**WORK TO COMPLETE:**
A verbatim copy is needed of the lines below from the one containing "Bán nhà măt" up to and including the one containing "Bath - 1116", excluding pictures.

**TASK INPUTS:**
=== Section Start ===

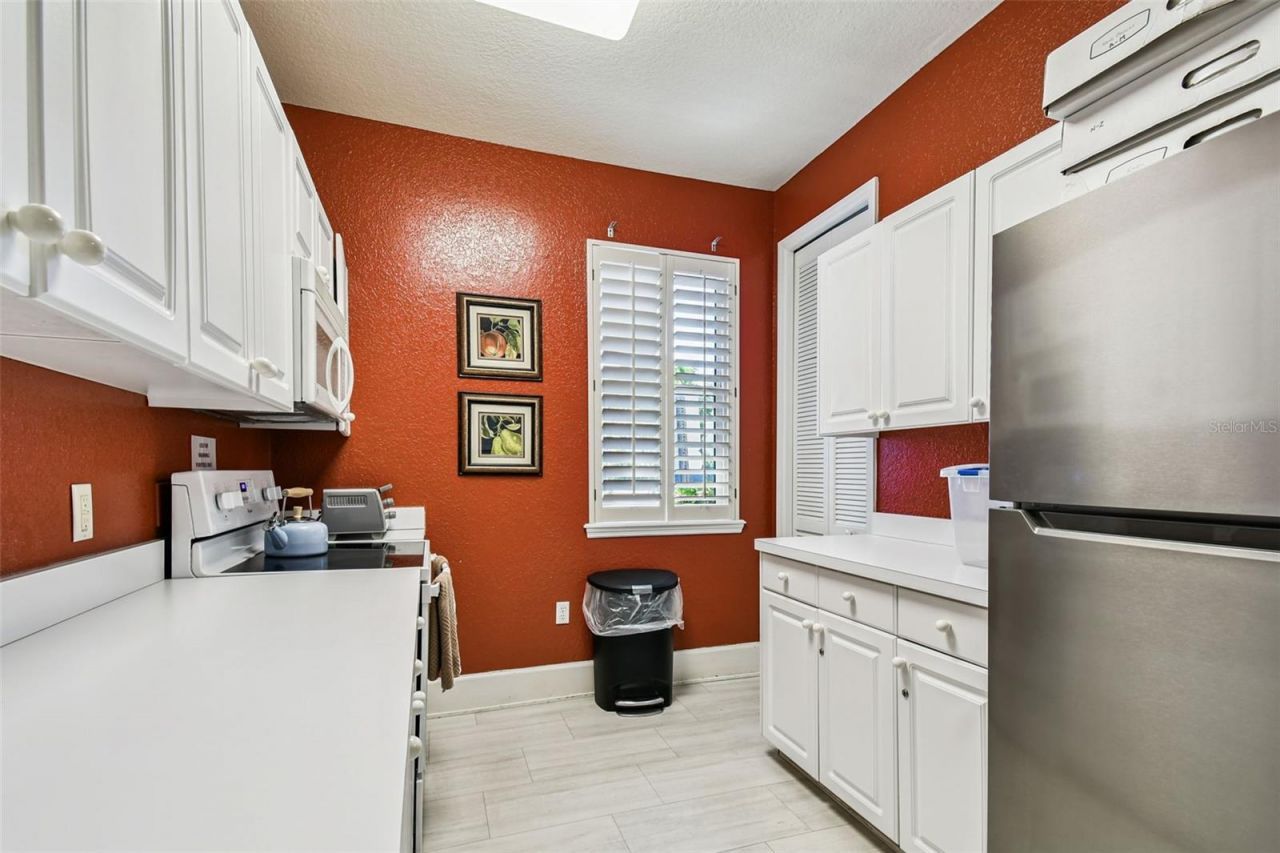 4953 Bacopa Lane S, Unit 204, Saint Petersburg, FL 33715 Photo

=== Section End ===
=== Section Start ===

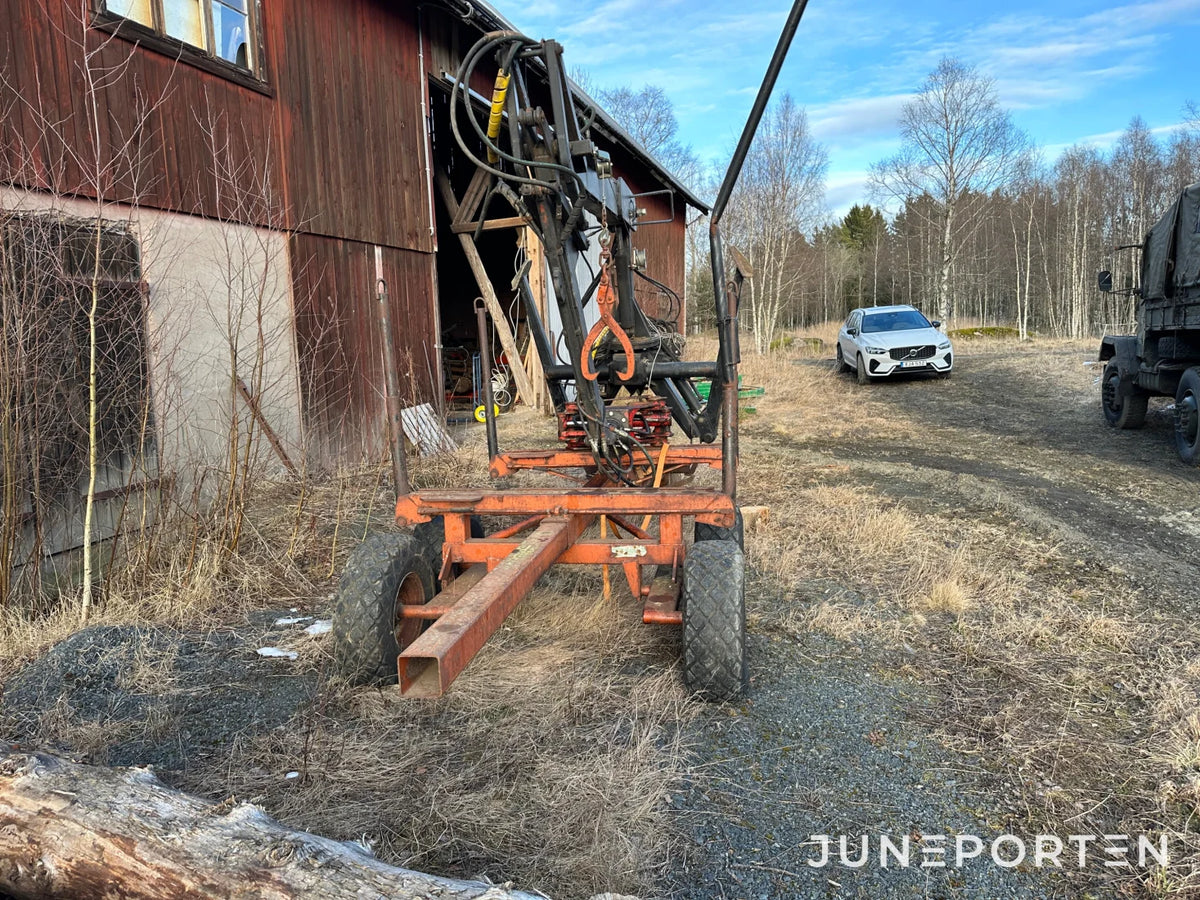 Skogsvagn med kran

=== Section End ===
=== Section Start ===

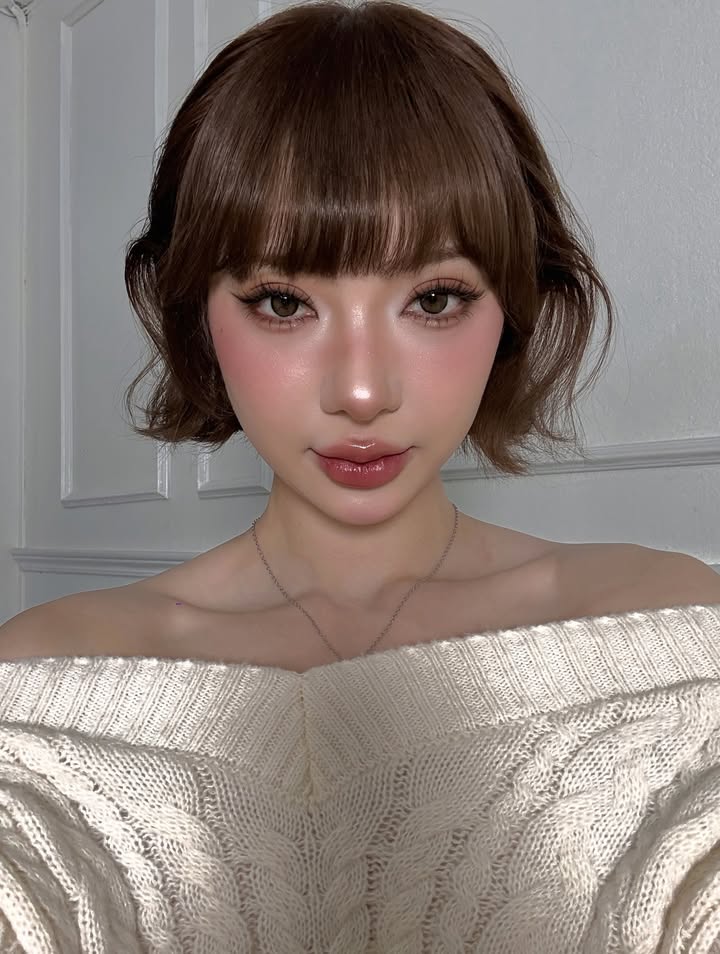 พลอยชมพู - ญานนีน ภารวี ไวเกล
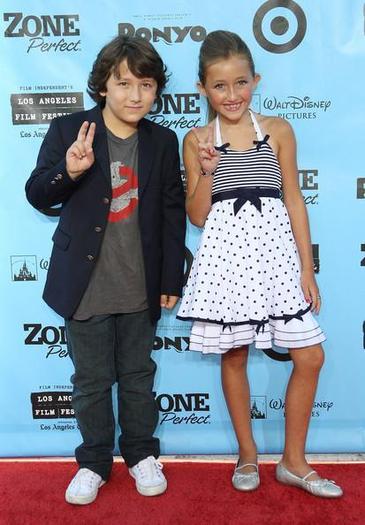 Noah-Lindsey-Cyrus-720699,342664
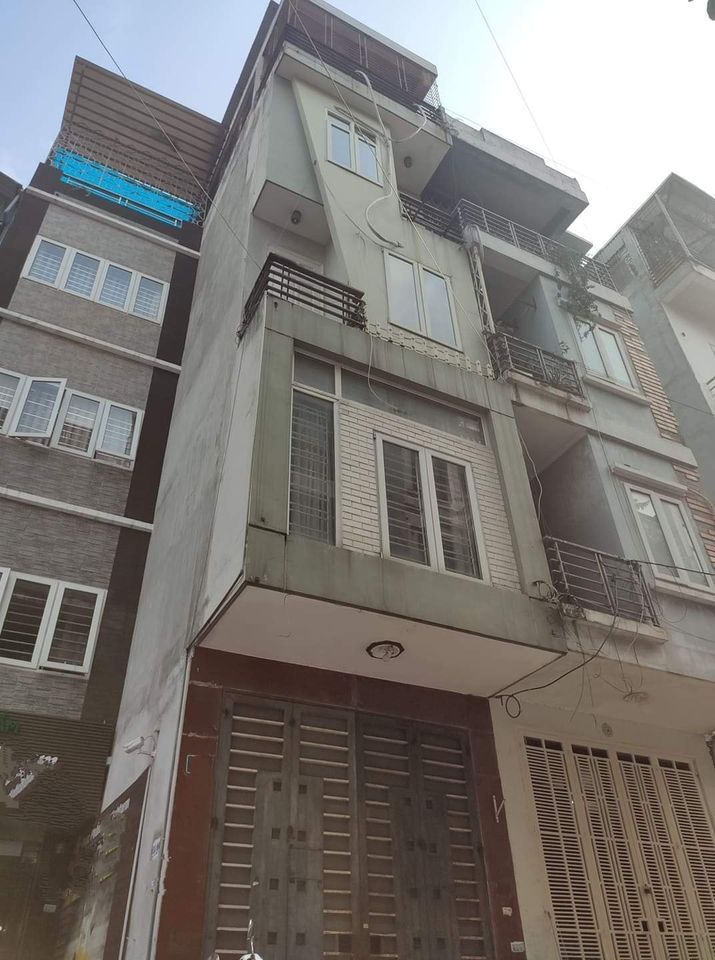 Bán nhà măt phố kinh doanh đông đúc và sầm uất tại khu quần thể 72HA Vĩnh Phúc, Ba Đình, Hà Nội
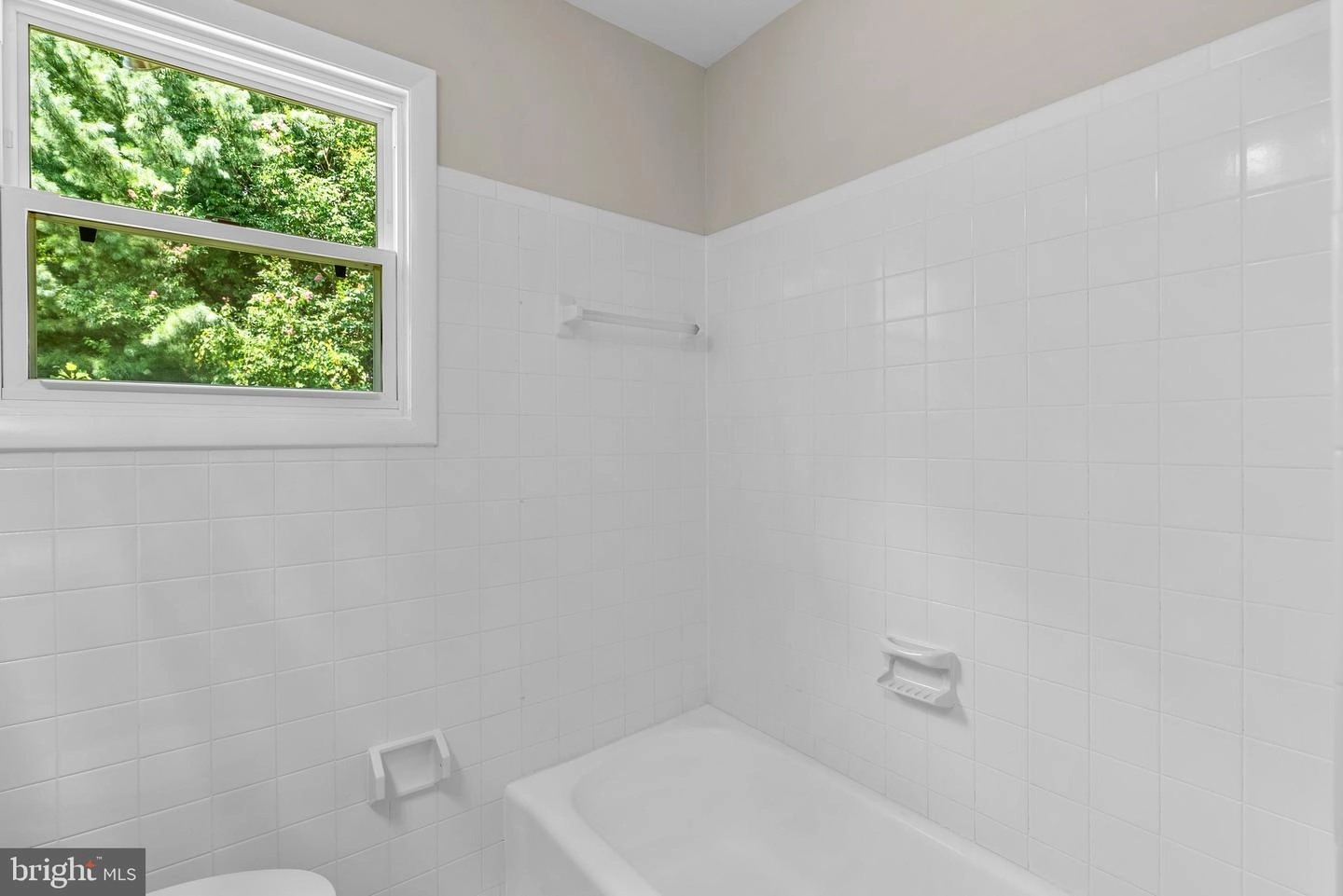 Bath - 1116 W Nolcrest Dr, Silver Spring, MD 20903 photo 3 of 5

=== Section End ===

**WRITTEN SOLUTION:**
 Bán nhà măt phố kinh doanh đông đúc và sầm uất tại khu quần thể 72HA Vĩnh Phúc, Ba Đình, Hà Nội
 Bath - 1116 W Nolcrest Dr, Silver Spring, MD 20903 photo 3 of 5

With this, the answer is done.